Abstract

To assess the role of insulin or an angiotensin II receptor antagonist (losartan), or both, in preventing cardiomyocyte damage in rats suffering from insulin-dependent diabetes mellitus (IDDM), and to correlate it with insulin receptor modulation at the cardiomyocyte, coronary endothelium and skeletal muscle cell level. Animals were divided into groups of normal rats, diabetic rats, and diabetic rats given insulin, each subdivided into a control group and an experimental group treated with losartan. The animals were killed 1 month after enrollment to the study. Perfusion of the heart with iodine-125-labelled insulin was carried out for all the groups and the binding kinetics of insulin to its receptors on the coronary endothelial cells and the cardiomyocytes were determined using a physical/mathematical model. In addition, tissue samples from the heart and intercostal skeletal muscle were snap frozen and used for histological, indirect immunofluorescence and western blot analysis. Cardiac muscle from diabetic animals exhibited diffuse cardiomyopathic changes consisting of widespread vacuolation, loss of striation and cellular hypertrophy, which were reduced and even prevented by treatment with insulin and losartan.

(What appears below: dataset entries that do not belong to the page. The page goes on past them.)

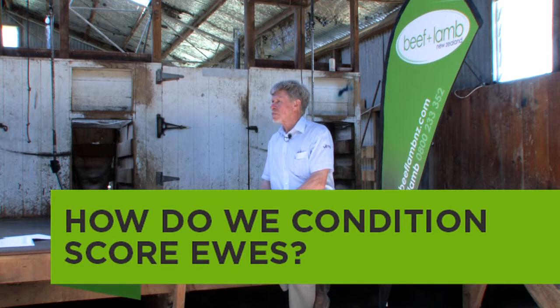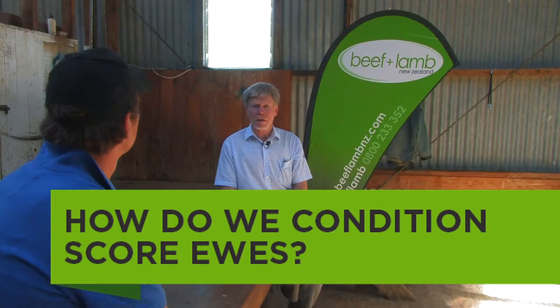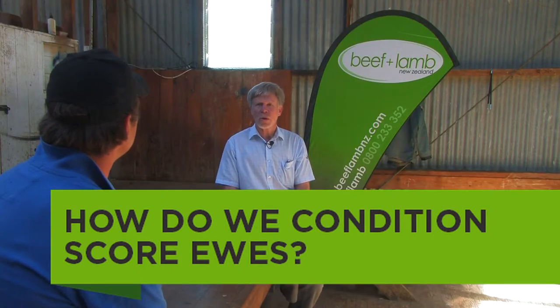So Trevor, what's going on with condition scoring? What's it all about? With condition scoring, we're using the fat cover on one little part of the body as our measure of the overall condition of the ewe. And it's been validated as a measure of the overall condition.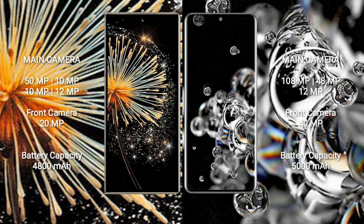Xiaomi Mix Fold 3 features a rear quad-camera setup: 50MP + 10MP + 10MP + 12MP, and a 20MP front camera. Samsung Galaxy S20 Ultra features a rear triple-camera setup: 108MP + 48MP + 12MP, and a 40MP front camera.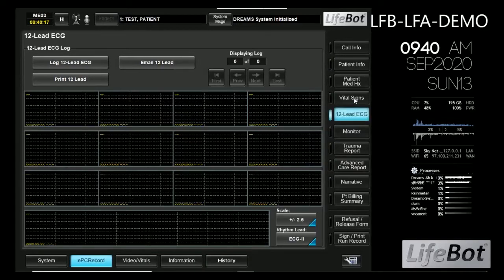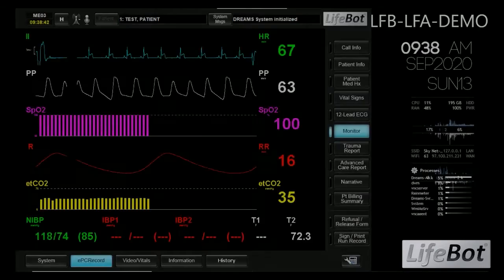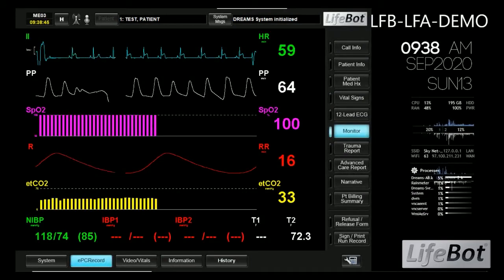If we had connected an ECG, we could also see those biosignatures in the interface. Other standard peripherals like end-tidal CO2 sensor and ultrasound are also available.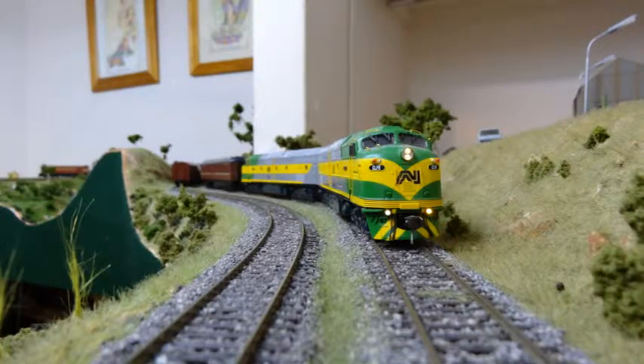Hello, I'm Terry. I've got two Oztrain CLP locomotives that I've installed LokSound version four decoders into, and I've also modified the ditch lights so they flash, and I'd like to show you how I did it.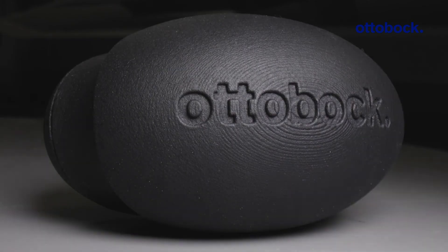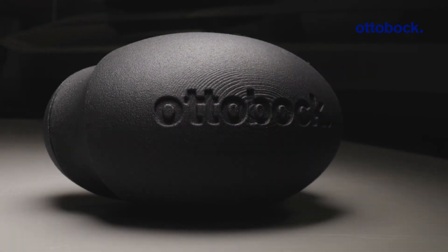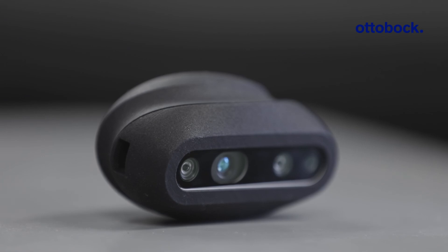I'm very confident that prosthetists and CPOs will figure out how to use this scanner. I'm really excited about the continued future development in MyFit TT as we continue moving along.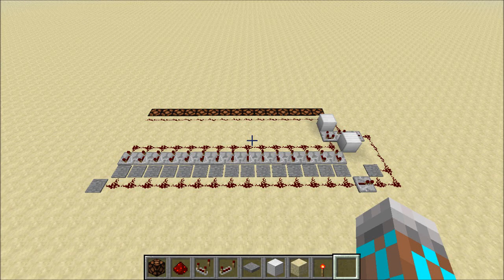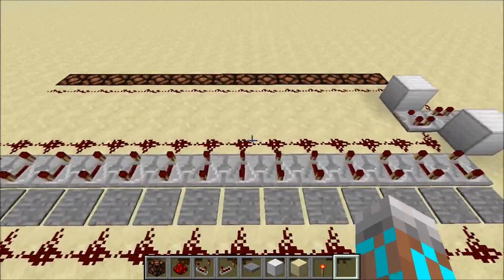Hey guys, Proper English here, and today I've got a video response to FOG's self-resettable capacitor. This is a pretty cool circuit.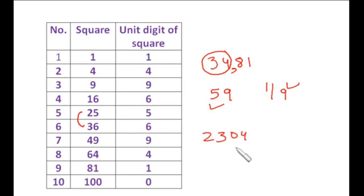Let's take 2304. Since 23 lies between the squares of 4 and 5, the 10th digit is 4. For the units place we have two choices: 2 and 8. Now 4 into 5 is 20, and 23 is bigger than 20, so we take the bigger number. The square root of 2304 is 48.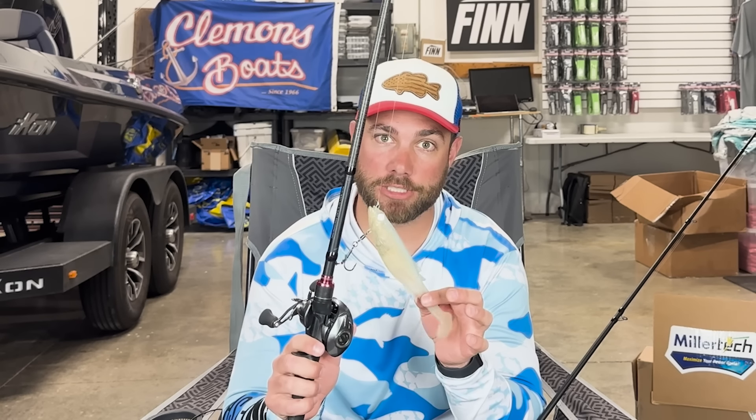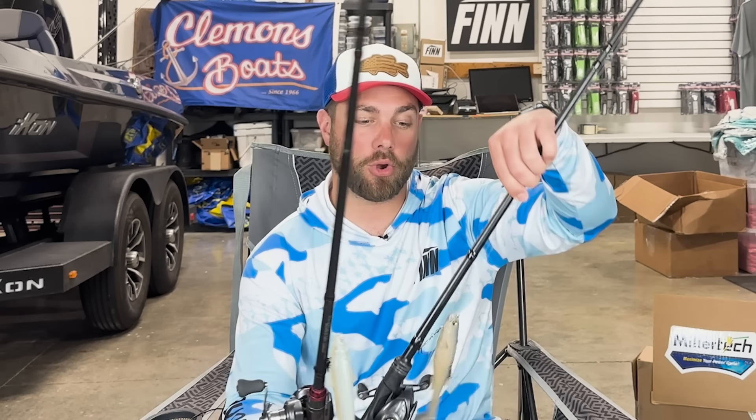I've honestly been a little bit intimidated to fish this bait. Living up in Ohio, it's a little bit of a bigger bait for a lot of our fish. If you live in Texas or California, this bait may seem small to you. But for me, throwing the 6-inch Magdraft has been one of my favorite baits — it gets a lot of bites and I catch a lot of fish on it. I've been a little bit intimidated to throw the bigger one for a while, but I finally spent the day doing it and I feel like I learned a lot.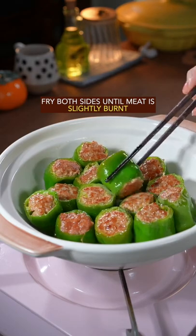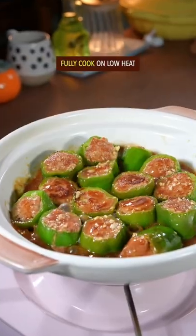Fry both sides until meat is slightly burnt. Oriental mystery sauce. Fully cook on low heat.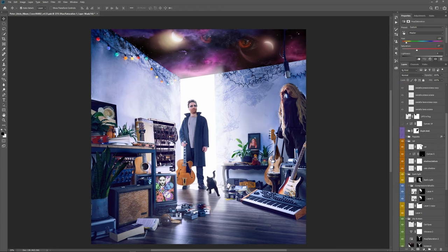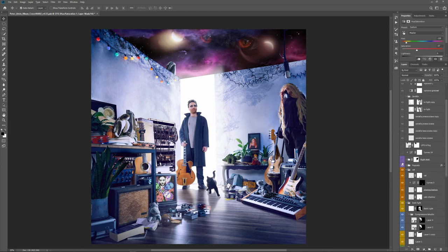You can see right now all the steps, all the layers being unfolded. So you can see from the very beginning to the very end this fun and creative process.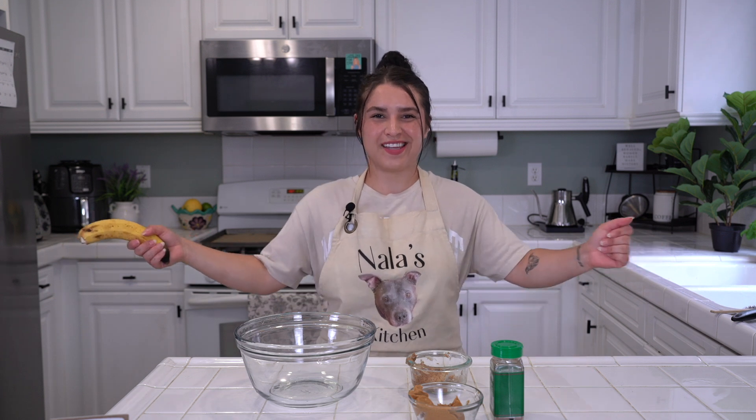Hello and welcome to Nala's Kitchen, a show we cooked up to make delicious food, make your day, and have fun in the kitchen and learn something new all together.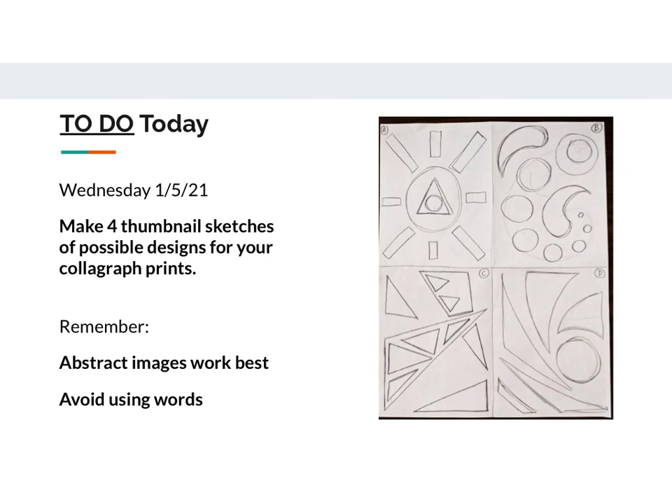We are going to give you two days to work on these thumbnail sketches. Today is Wednesday, and these are actually going to be due tomorrow, which is January 6th.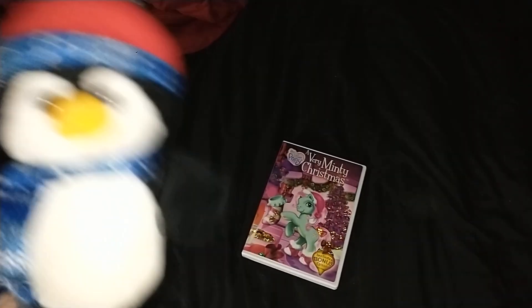Ha! Now that I got A Very Mint's Christmas on DVD as my Christmas present, now I can finally watch it. Don't watch it. What? Just don't watch it. It has that scary Paramount DVD logo on it.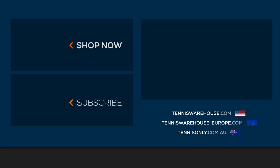Thanks for watching. For more information on this shoe and many others, please go check out Tennis Warehouse — Tennis Warehouse, here for tennis only.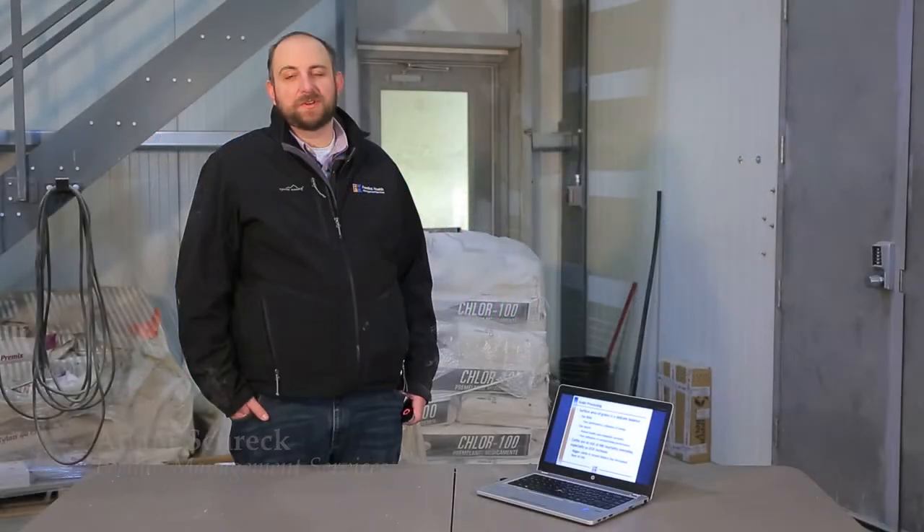My name is Adam Schreck and I'm a production consultant with Feedlot Management Services in Okotoks, Alberta. Today I'm going to talk to you about temper rolling of grains.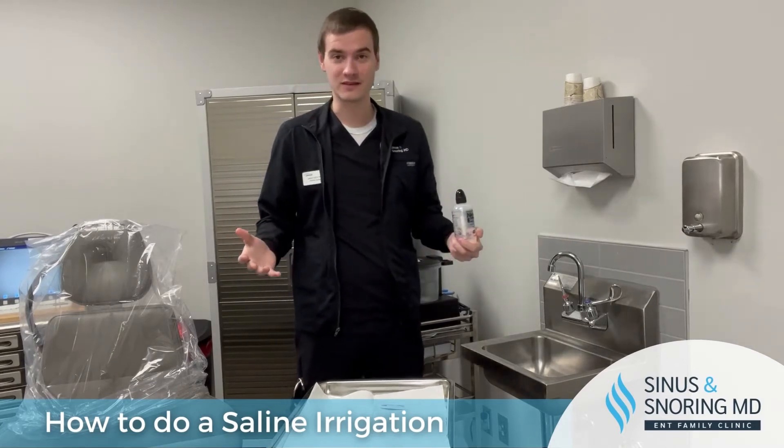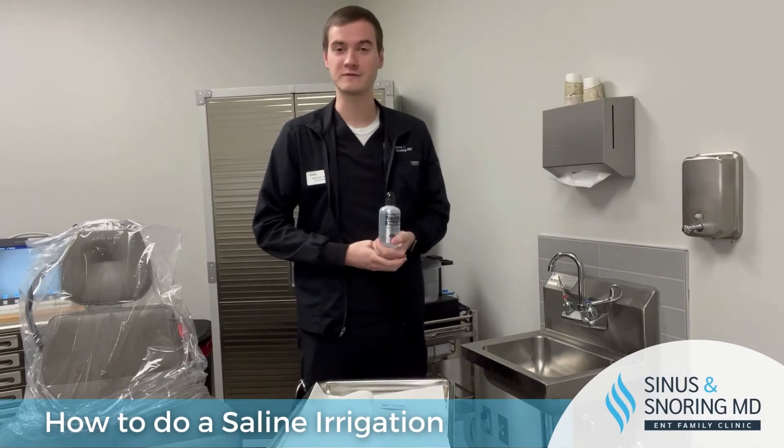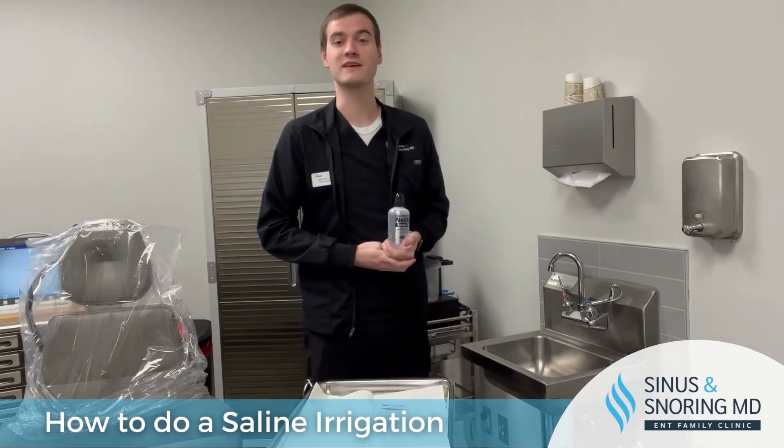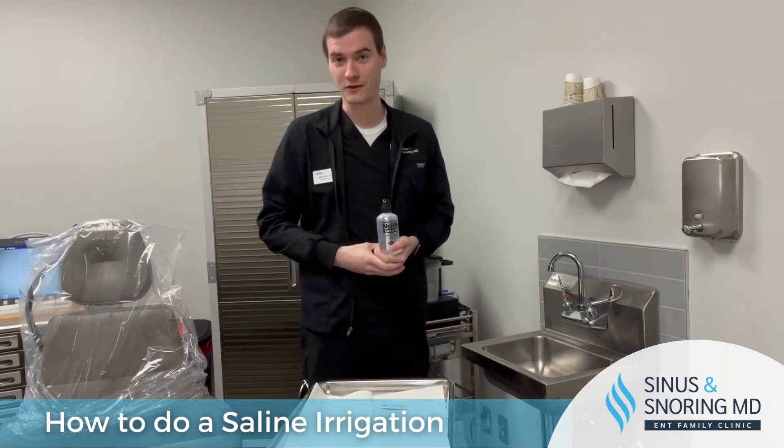For those who have never done nasal irrigation, it can be very odd and potentially uncomfortable the first couple times, but in almost every case it does start to actually feel good as you moisturize and move the crusting through your nose.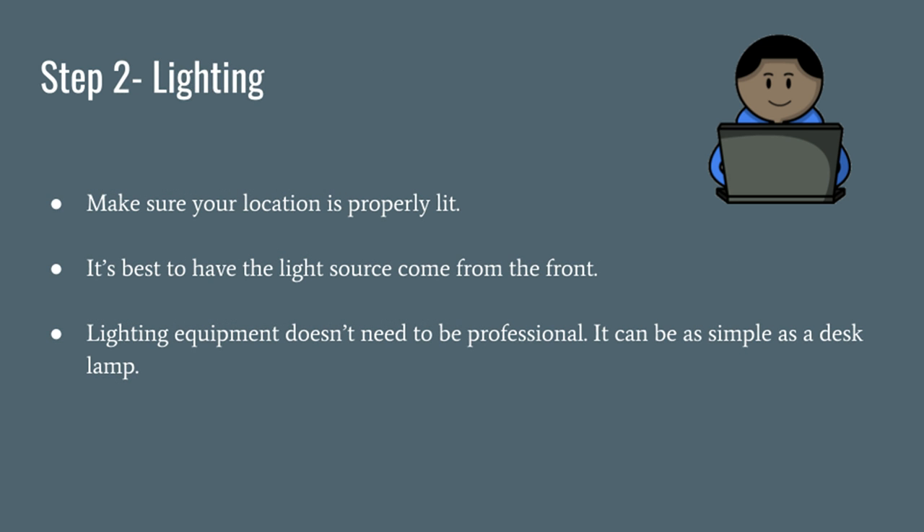Now that you've picked a good spot to shoot your video, it's important to properly light your surroundings. Make sure your light source is coming from in front of you rather than behind you. You may not have professional lighting equipment available to you, but that's okay — something as simple as a desk lamp can be a sufficient source of light.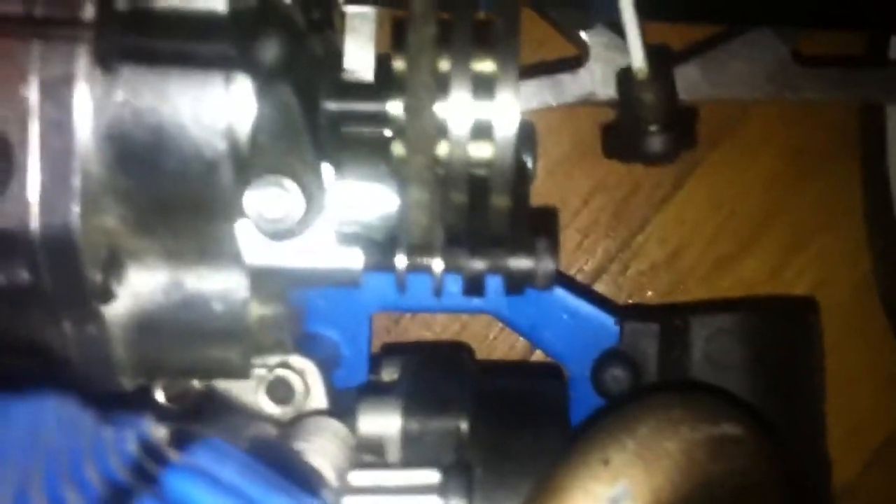This is my new brake system. You really can't see because of the transmission, but you can see there's three brakes there. See that? It's pretty cool. Style's nice.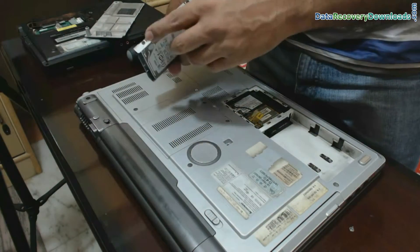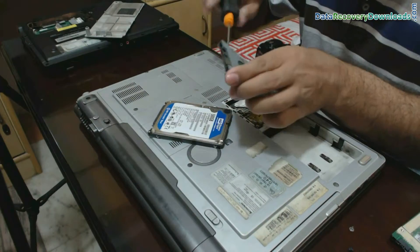Now remove the supporting cover from the hard drive by opening the screws.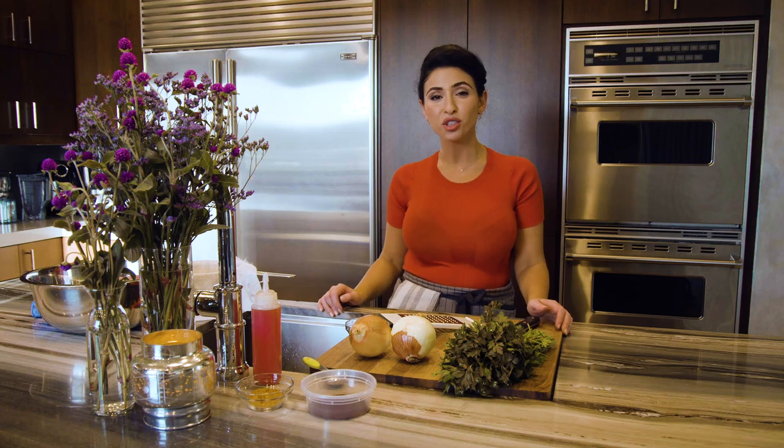Hey guys, it's Tara and welcome back to my YouTube channel. Today I'm going to be showing you how to make Persian kabob with a little bit of a twist. Usually you make Persian kabob on a fire grill on top of charcoal, but since the weather is getting colder and not everybody wants to sit out in the freezing cold, I'm going to show you how to make kabob on a frying pan. It's called kabob digi and it's a game changer — less fuss, less mess, and you can make it right in your kitchen.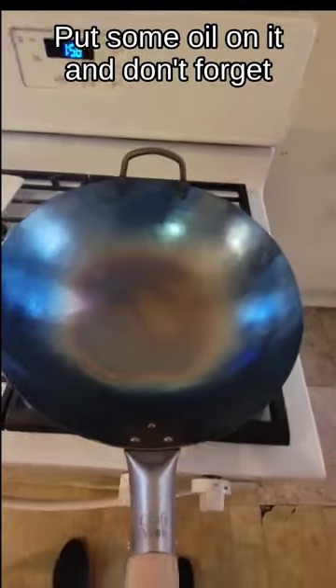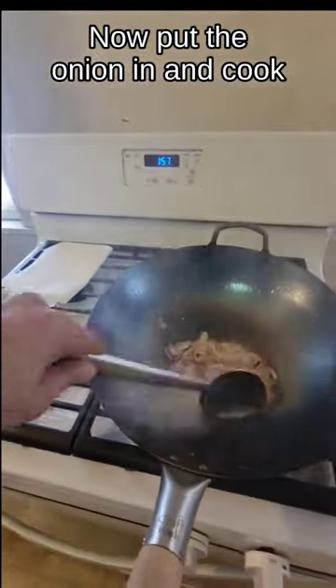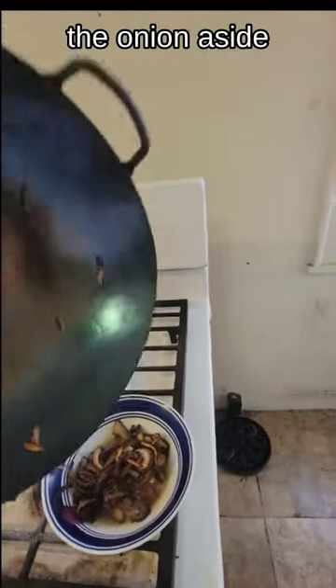Put some oil on it. Don't forget to cover the edges. Now put the onion in and cook it until it is burned. Then put the onion aside.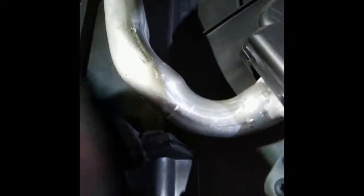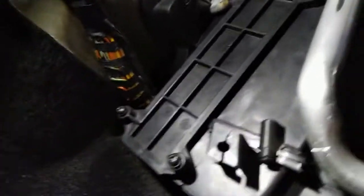Now it's really just a case of putting the new filter in, putting the cover back over, and screwing it all back together again. There it is — screwed back in.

In addition, losartan seemed to mediate the upregulation of insulin receptor density on cardiomyocytes and skeletal muscle, and increase insulin receptor affinity at the coronary endothelial site. Finally, treatment with losartan induced a significant decrease in glucose concentrations in the diabetic group compared with the appropriate controls. Addition of losartan to the standard insulin treatment in non-hypertensive animals with IDDM offers new benefits concerning cardiac protection and prevention of damage. This may be attributed, in part, to insulin receptor density and sensitization.